In addition, über doesn't yet have to be profitable, as they can burn venture capital to subsidize operations. When it has to really be a business and make $ I don't see the current model working. Maybe it will change the way some things get done but prices will have to increase and that is, as near as I can tell, the only thing they have going for them.


----------



## astroNikon (Nov 30, 2017)

Uber has a history of trying to evade rules, regulations and authorities.  Hopefully the new CEO will steer them in the correct direction as he's uncovering more stuff that they've done in the past.

Example of an authority bypassing technology
".. Uber’s use of a software tool called Greyball, which the company developed in part to aid entrance into new markets where its service was not permitted. The tool allowed Uber to deploy what was essentially a fake version of its app to evade law enforcement agencies that were cracking down on its service."
 ==> Uber Faces Federal Inquiry Over Use of Greyball Tool to Evade Authorities


----------



## kap55 (Nov 30, 2017)

It is my understanding that Uber's business plan is (and always has been) to eventually be using driverless cars.  The fact that they have to deal with drivers is a short term irritant that they hope will soon be gone.


----------



## Overread (Nov 30, 2017)

kap55 said:


> It is my understanding that Uber's business plan is (and always has been) to eventually be using driverless cars.  The fact that they have to deal with drivers is a short term irritant that they hope will soon be gone.



I honestly don't see driverless cars being a thing for decades yet. 
You might get them in cities sooner, but even then I'd wager they wouldn't take off as fast as some are thinking. People forget how computer pathfinding is still being worked on; to deal with all the random things that can be thrown at a machine even before you add things like pedestrians! 

Also there's a trust element; the train systems are still run with drivers who control the trains themselves. I don't see people trusting machines all that fast (and those fast-adaptors who likely have automatic hoovers in their homes - yeah - they've likely seen the thing bump into a wall ten times; get lost; stuck; do something stupid enough to think twice about having a car on automatic).

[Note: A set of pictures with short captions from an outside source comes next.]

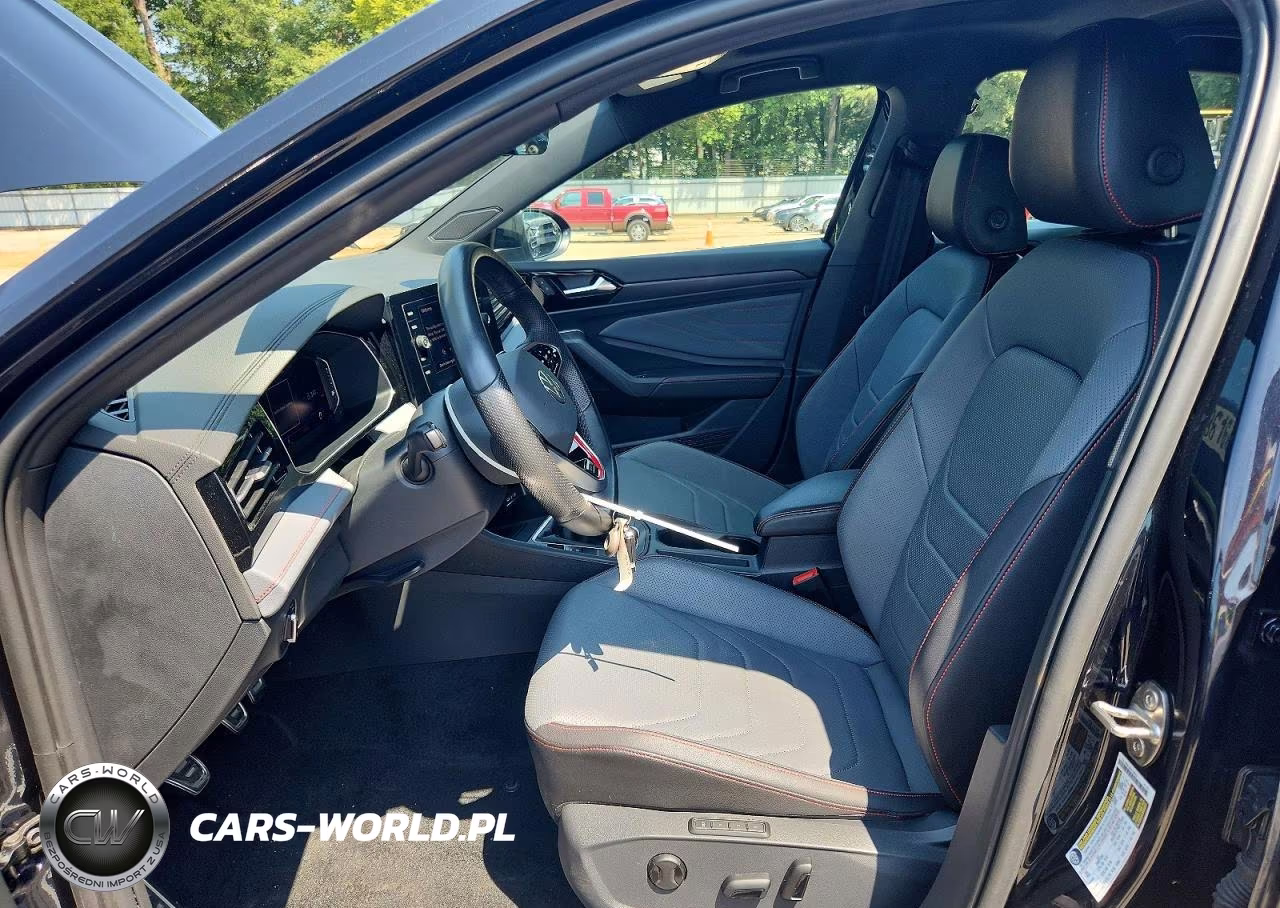 2025 Volkswagen Jetta Gli 2.0T Autobahn VIN:3VW1T7BU0SM063715 - 7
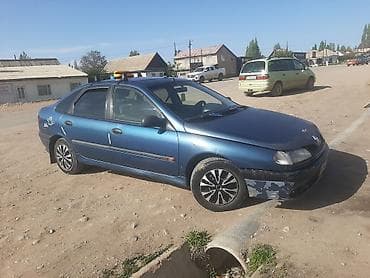 Renault Laguna: 1995 г., Механика, Лифтбек — 1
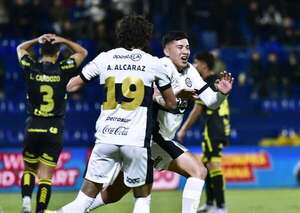 Olimpia se impone con lo justo ante un disminuido Recoleta FC - Fútbol - ABC Color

If Uber is planning on driverless cars then its one of those "in 30-40 year" pie in the sky plans. They also likely hope that they'll be in a good position to take over by sneaking in with the new tech faster than established firms; plus their business model tends to be one- way with the money so they'd have cash to burn on big investment.


----------



## astroNikon (Nov 30, 2017)

Trying to go driverless was the reason Uber was banned in California for testing driverless technology back in 2016 (one car ran 6 red lights), even though they denied it was driverless, of which they then were found out to be lying as it was driverless.  ==> A self-driving Uber ran a red light last December, contrary to company claims

They essentially, since not buying a permit, was able to skirt having to document any issues of the self driving cars.  Essentially Uber has been trying to be at the bleeding edge, steal technology from other companies, steal drivers, thwart authorities efforts, etc.  You'd think they were a subsidiary of North Korea. lol


----------



## Braineack (Nov 30, 2017)

astroNikon said:


> You'd think they were a subsidiary of North Korea. lol



they don't force children to pull rickshaws, then kill them off if they pick up someone late or take too long or pay them with some rice if they succeed.


----------



## pendennis (Nov 30, 2017)

Fstop- said:


> pendennis said:
> 
> 
> > Uber has filed an appeal in a California case, where it was ruled that Uber is an employer. Uber maintains it is only a communication line (for lack of a better term), putting driver and rider together only.
> ...


My post was merely meant to cite Uber's concept of their driver/Uber relationship.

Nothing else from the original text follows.